Once upon a time, politicians held their tongues and the Federal Reserve Board’s Open Market Committee (FOMC), in a show of solidarity, appeared to rubber stamp central bank decisions.  But this universe seems to be slipping away.

At the September FOMC get-together, three members were open dissenters when the committee publicly announced its decision not to hike rates at this time.  And during the first 2016 Presidential Debate, the Republican challenger bizarrely accused the central bank of using monetary policy to aid his political opponent.

“That dissenting central bankers have become more openly critical of monetary policy decisions is not the shocker it once was.  But accusing the Fed of politicizing the Presidential race is a zinger that will not sit well with an institution that wears its neutrality as a badge of honor,” says Cambridge Realty Capital Chairman Jeffrey A. Davis.

“Being called out like that with 78,000 million viewers looking on is something that has never happened to the Fed in a political campaign before.”

Cambridge is one of the nation’s leading senior housing/healthcare lenders, with $4.5 billion in closed transactions.  Mr. Davis points out that an article by the Editorial Board of the Washington Post suggests a more reasonable explanation for why the Fed has been unwilling to push rates higher.

It has now been almost nine years since the Fed began the unconventional policy known as quantitative easing, with the goal of stemming financial panic and restarting economic growth.  And it has been seven years since then-Fed Chairman Ben Bernanke assured the public that the Fed had thoroughly studied the matter and could eventually unwind the massive bond buying program in a smooth and timely manner without setting off inflation.

“But the Post reports the Fed is learning that it’s much easier for a central bank to get into unconventional policy than to get out of it,” Mr. Davis said.

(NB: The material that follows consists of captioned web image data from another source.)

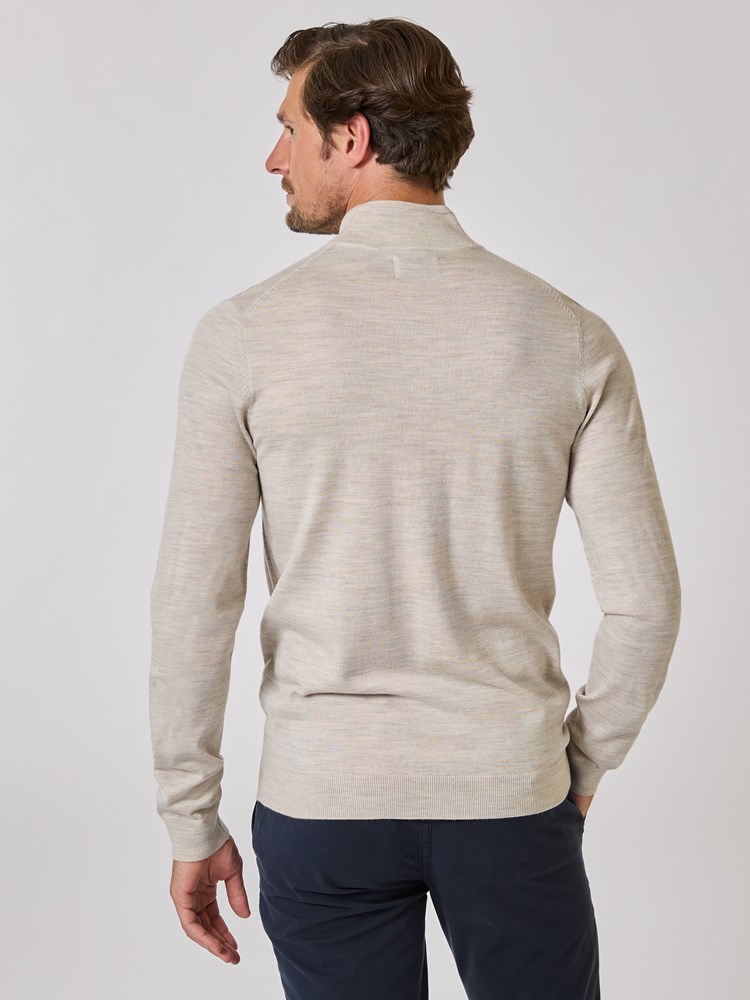 Ledger merino zip neck 7508863_I4C-VESB-A24-Modell-Back_chn=vic_4677_Ledger merino zip neck I4C_Ledger merino zip neck I4C 7508863.jpg_Back||Back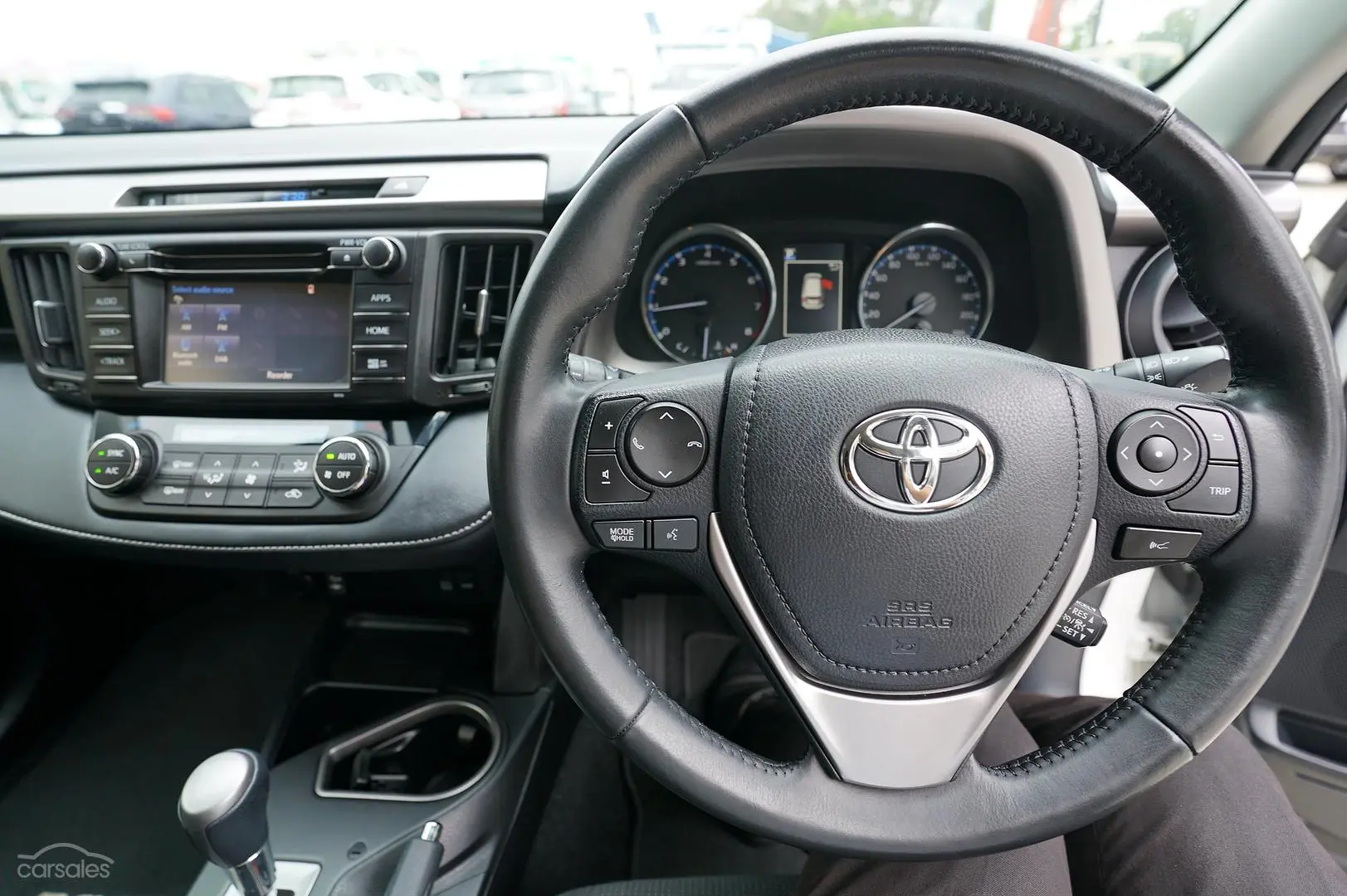 2018 Toyota RAV4 Image 8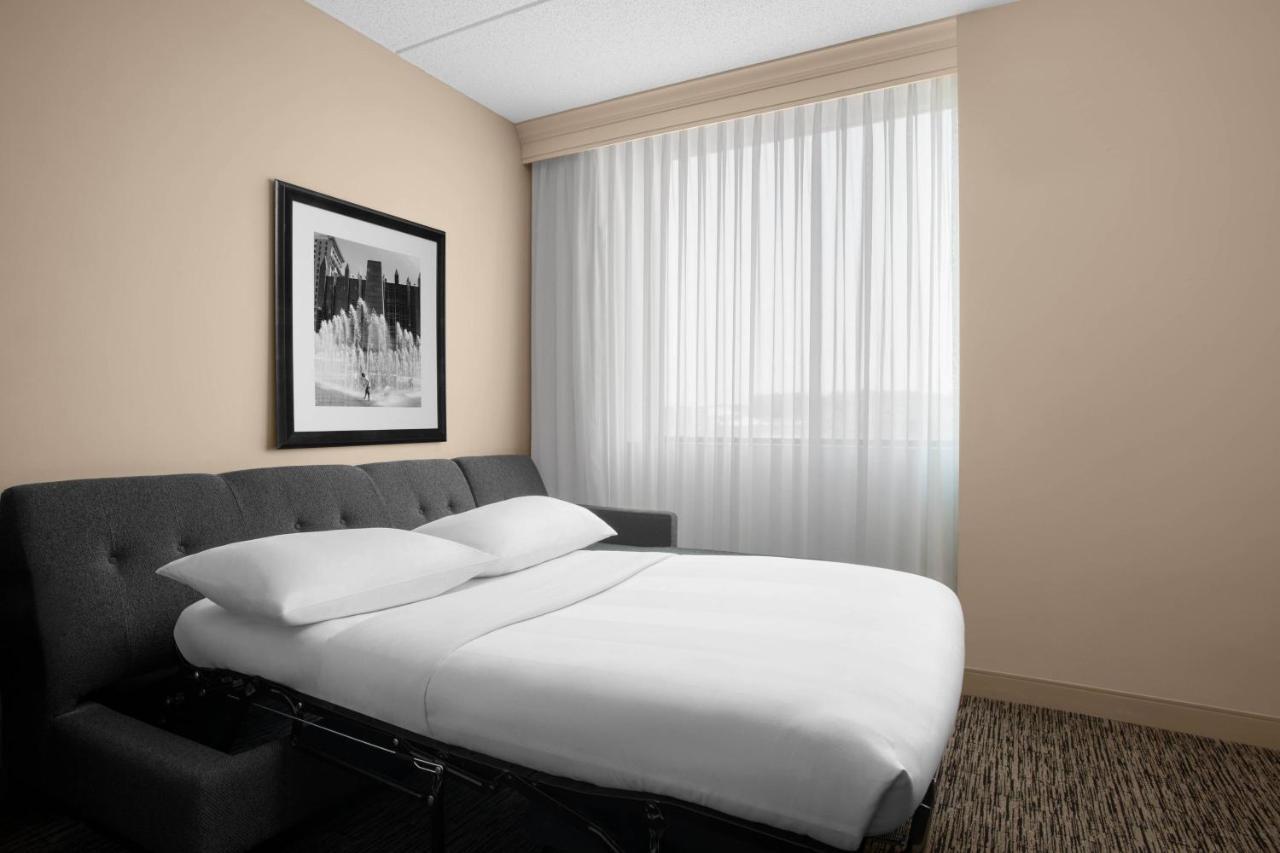 Pittsburgh Marriott North Hotel Кранбери Тауншип Екстериор снимка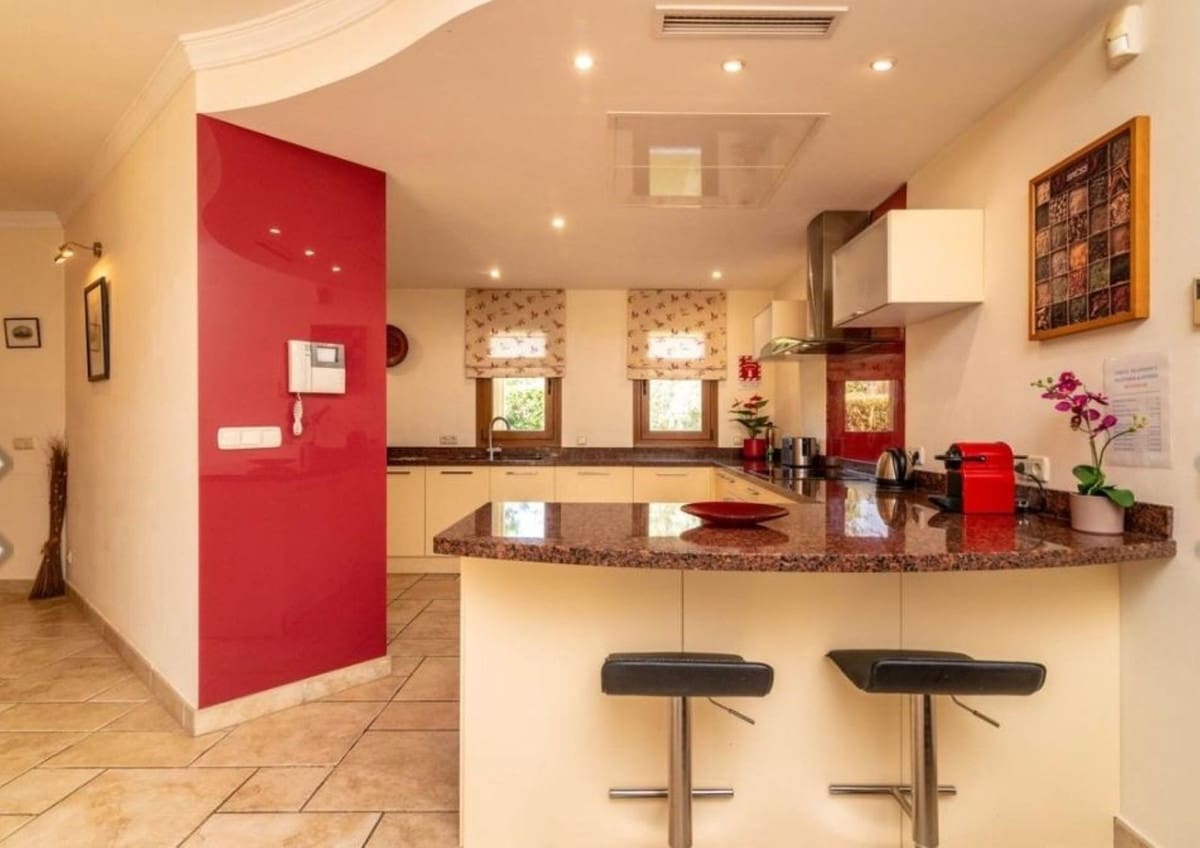 5 soveværelse Villa til salg i Los Flamingos med garage - € 2.495.000 (Ref: 9099727)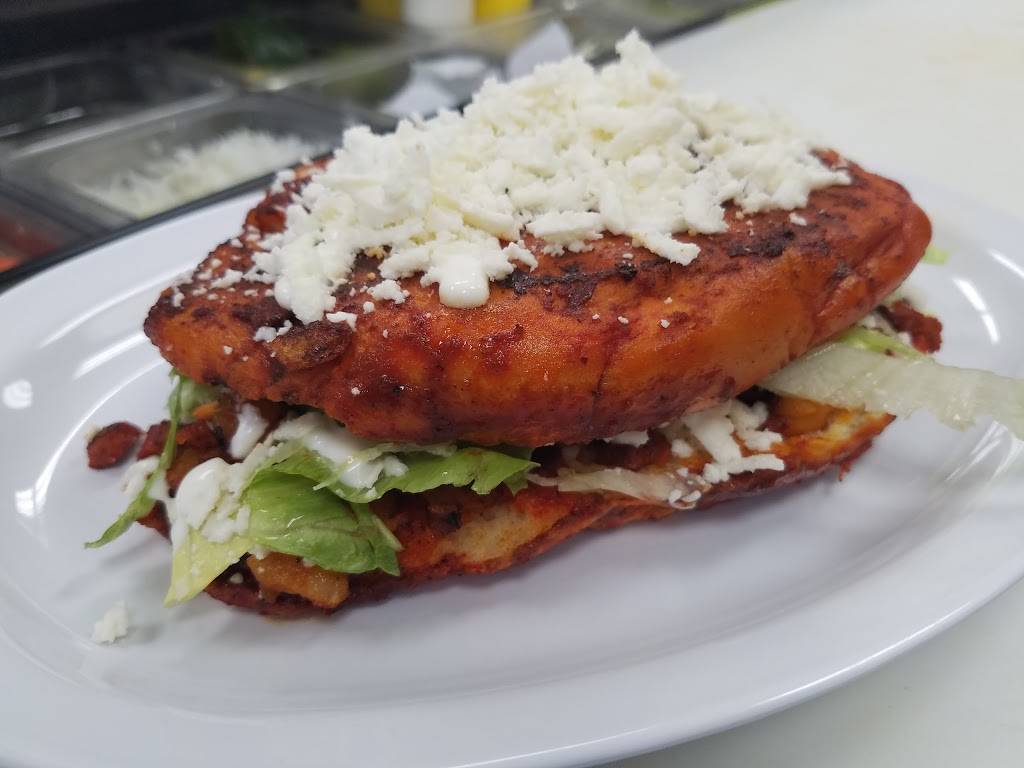 Antojitos Mexicanos Victoria -Restaurante | restaurant | 5025 N Tryon St suite 104, Charlotte, NC 28213, USA | 7049190627 OR +1 704-919-0627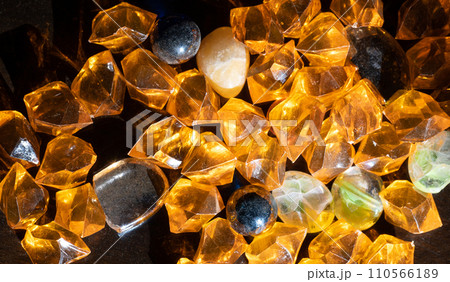 Yellow fossil stone jewelry background 110566189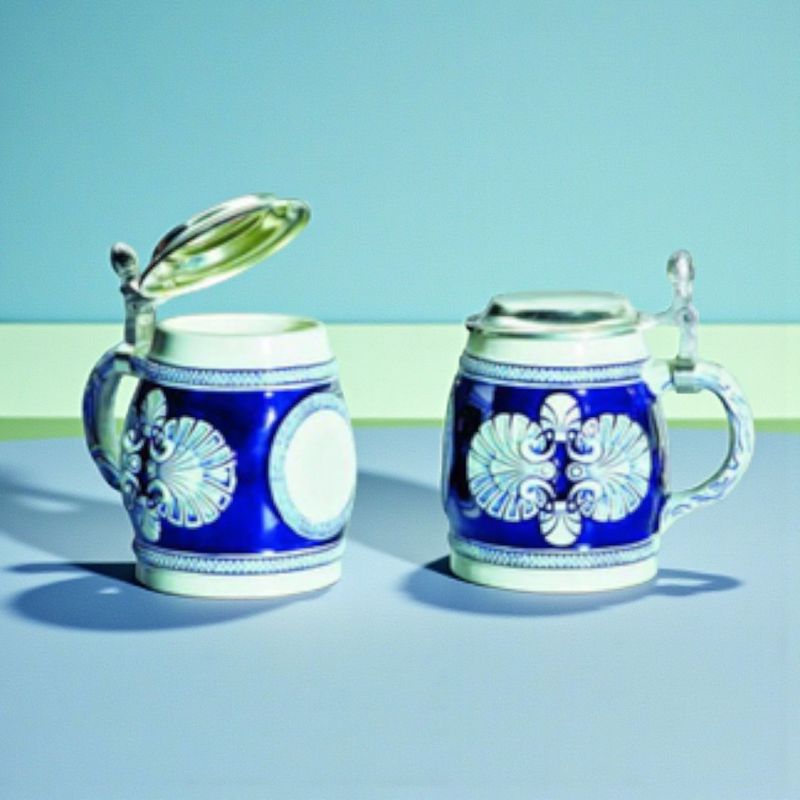 Keramikkrug mit Zinndeckel blau weiß 0,5 l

According to the Post editors, this is not necessarily a criticism; to the contrary, Mr. Bernanke’s policies contributed mightily to the recovery, now seven years old, which has begun to produce not only jobs but also rising incomes.  Furthermore, the current Fed’s reluctance to tighten monetary policy reflects a decidedly benign fact: There is practically no inflation to fight and little risk that it will get out of hand in the near future.

On the other hand, those arguing for a rate hike cite the potential for prolonged low rates to sow instability, whether through a bubble in commercial real estate, damaged insurance company finances or some other means.

In a recent blog post, Mr. Bernanke wrote that new research suggests it may not be better to shrink the Fed’s balance sheet back to pre-crisis dimensions after all. “Maybe this is one of those cases where you can’t go home again,” he suggested.

“Where this leaves the rest of us remains to be seen.  But there doesn’t appear to be anything on the horizon that will negatively impact the cost of borrowing for senior housing/healthcare owners and operators any time soon,” Mr. Davis said.